Assigned task => Please repeat each line of the data exactly, with nothing left out.

Data excerpts =>

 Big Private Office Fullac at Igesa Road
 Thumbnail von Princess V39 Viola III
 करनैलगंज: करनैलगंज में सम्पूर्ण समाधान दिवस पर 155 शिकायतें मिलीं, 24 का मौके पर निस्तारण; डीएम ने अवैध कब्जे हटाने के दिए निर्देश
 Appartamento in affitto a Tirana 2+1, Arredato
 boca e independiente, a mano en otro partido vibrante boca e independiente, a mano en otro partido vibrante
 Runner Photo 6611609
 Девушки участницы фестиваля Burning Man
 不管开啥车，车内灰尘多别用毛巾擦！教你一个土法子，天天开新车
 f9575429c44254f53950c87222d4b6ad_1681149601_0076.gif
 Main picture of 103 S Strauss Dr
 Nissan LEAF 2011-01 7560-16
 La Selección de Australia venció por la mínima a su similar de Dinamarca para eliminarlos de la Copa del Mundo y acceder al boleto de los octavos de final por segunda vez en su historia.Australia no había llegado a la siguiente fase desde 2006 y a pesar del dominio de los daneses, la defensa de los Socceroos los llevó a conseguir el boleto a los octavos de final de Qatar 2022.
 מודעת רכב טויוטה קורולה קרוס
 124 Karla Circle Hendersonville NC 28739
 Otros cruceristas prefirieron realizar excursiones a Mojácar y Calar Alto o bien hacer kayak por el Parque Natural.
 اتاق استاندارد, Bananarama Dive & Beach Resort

Response area =>
 Big Private Office Fullac at Igesa Road
 Thumbnail von Princess V39 Viola III
 करनैलगंज: करनैलगंज में सम्पूर्ण समाधान दिवस पर 155 शिकायतें मिलीं, 24 का मौके पर निस्तारण; डीएम ने अवैध कब्जे हटाने के दिए निर्देश
 Appartamento in affitto a Tirana 2+1, Arredato
 boca e independiente, a mano en otro partido vibrante boca e independiente, a mano en otro partido vibrante
 Runner Photo 6611609
 Девушки участницы фестиваля Burning Man
 不管开啥车，车内灰尘多别用毛巾擦！教你一个土法子，天天开新车
 f9575429c44254f53950c87222d4b6ad_1681149601_0076.gif
 Main picture of 103 S Strauss Dr
 Nissan LEAF 2011-01 7560-16
 La Selección de Australia venció por la mínima a su similar de Dinamarca para eliminarlos de la Copa del Mundo y acceder al boleto de los octavos de final por segunda vez en su historia.Australia no había llegado a la siguiente fase desde 2006 y a pesar del dominio de los daneses, la defensa de los Socceroos los llevó a conseguir el boleto a los octavos de final de Qatar 2022.
 מודעת רכב טויוטה קורולה קרוס
 124 Karla Circle Hendersonville NC 28739
 Otros cruceristas prefirieron realizar excursiones a Mojácar y Calar Alto o bien hacer kayak por el Parque Natural.
 اتاق استاندارد, Bananarama Dive & Beach Resort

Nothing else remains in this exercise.